Everything below from the line with "Kız Çocuk Lacivert" through the line with "Super - Comic" should be copied exactly, and nothing else; leave out the pictures.

» **Input for this task**:
****************
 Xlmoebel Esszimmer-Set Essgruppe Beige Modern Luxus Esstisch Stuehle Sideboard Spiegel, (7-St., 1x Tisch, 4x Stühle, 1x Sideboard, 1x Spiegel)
****************
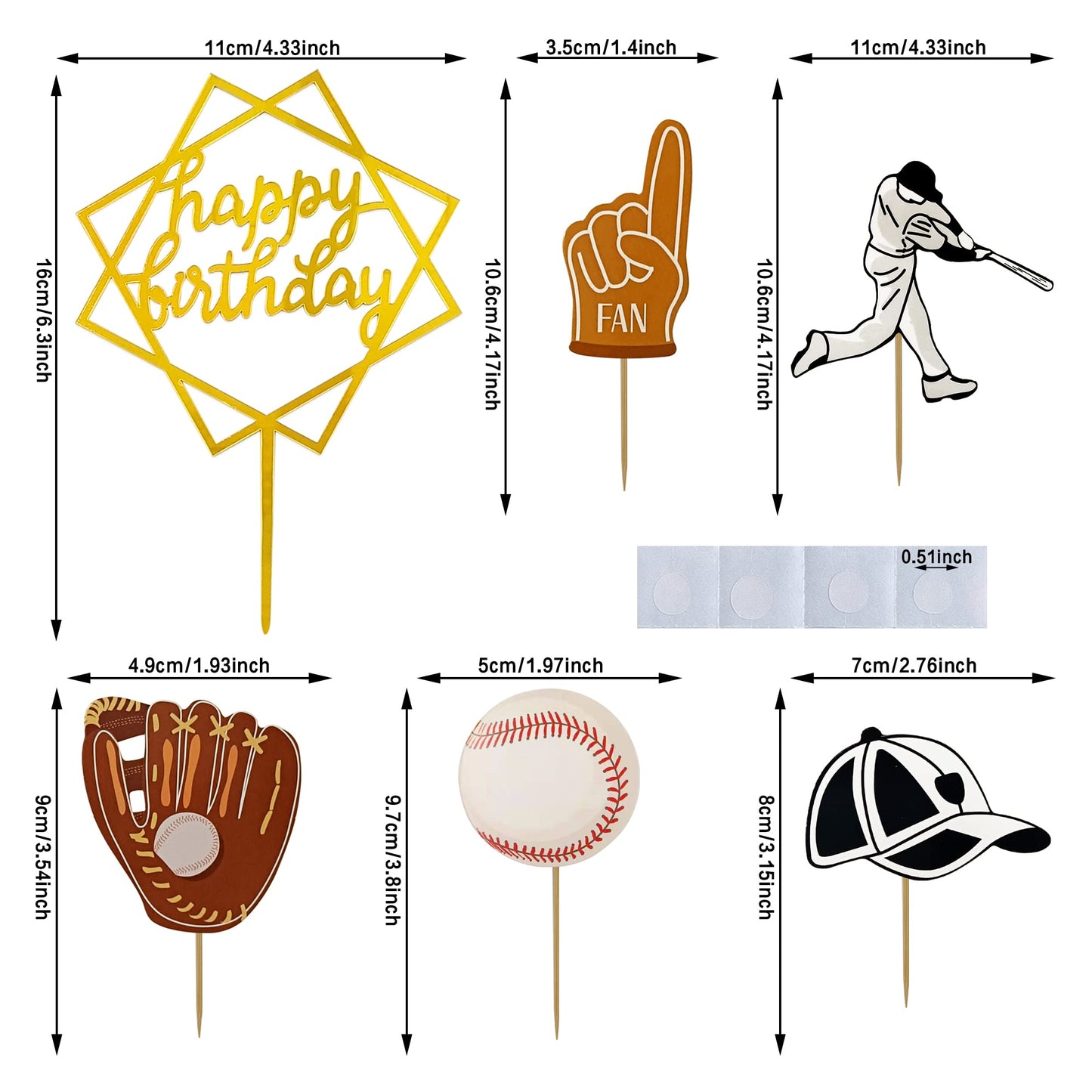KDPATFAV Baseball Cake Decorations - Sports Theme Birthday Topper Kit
****************
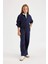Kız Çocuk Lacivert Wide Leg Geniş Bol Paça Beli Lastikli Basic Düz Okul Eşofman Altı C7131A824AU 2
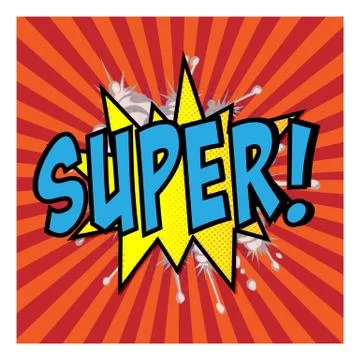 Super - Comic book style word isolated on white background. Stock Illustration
****************
» **Result below**:
Kız Çocuk Lacivert Wide Leg Geniş Bol Paça Beli Lastikli Basic Düz Okul Eşofman Altı C7131A824AU 2
 Super - Comic book style word isolated on white background. Stock Illustration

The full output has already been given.